If You Haven’t Grilled Short Ribs Yet, You’re Missing Out

published Jul 23, 2015
We independently select these products—if you buy from one of our links, we may earn a commission. All prices were accurate at the time of publishing.
Post Image
(Image credit: Christine Gallary)

Tired of just grilling hamburgers or hot dogs this summer? Ready to try something different than grilled steak? Consider a juicy cut of beef that’s usually reserved for cold-weather braising instead: short ribs. Trust me, they’re worth throwing on the barbecue!

(Image credit: Christine Gallary)

The Traditional Way to Cook Short Ribs

Short ribs are usually reserved for braising because they contain a lot of muscle and tendon that needs moist, low heat and a lot of time to cook until tender. The reward for this slow cooking is that short ribs are full of beefy flavor.

Why Grill Short Ribs?

But short ribs also contain a lot of fat, and this fat offers some protection when short ribs are cooked quickly over high heat. As a result, short ribs can be grilled like a steak and still come out flavorful and delicious! Short ribs won’t be as tender as an expensive ribeye steak, but I’ve still found them great for grilling with their intense beef flavor.

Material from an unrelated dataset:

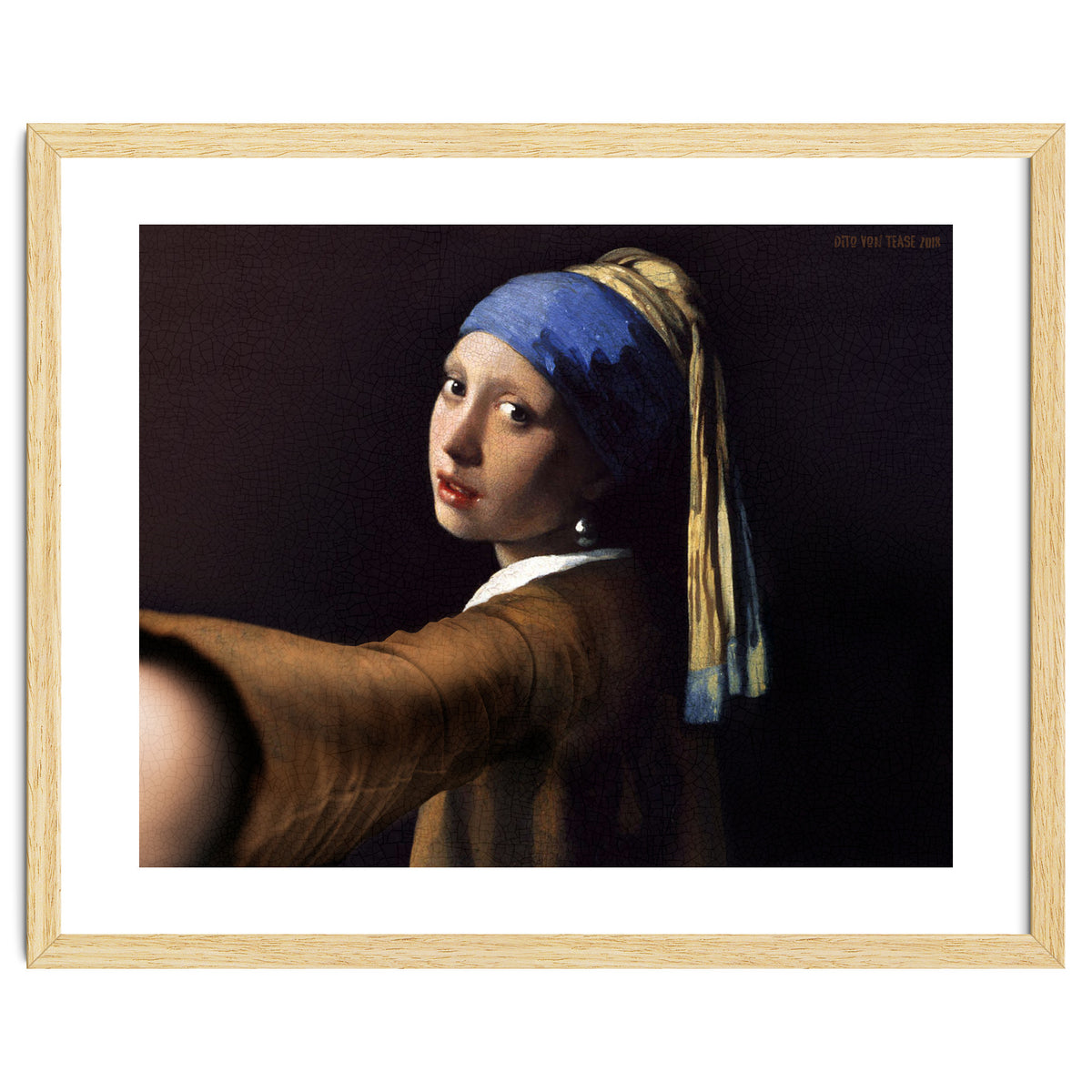 Girl With A Pearl Earring - Vermeer - Selfie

Lest you think this is a new concept, traditional Korean cuisine grills thinly cut short ribs (known as flanken style) over charcoal, and you’ll see many Korean restaurants serving this dish known as kalbi. This marinated beef dish works well with short ribs because they absorb marinades so well. Argentine cooking also grills thick-cut short ribs, served with an herby chimichurri sauce.

How to Grill Short Ribs

Thick English-cut short ribs are best cooked over high heat to a medium rare, which will melt just enough fat to keep the meat juicy.

Whether you grill the English-cut or thin flanken-style short ribs, it’s worth adding short ribs to your next summer cookout!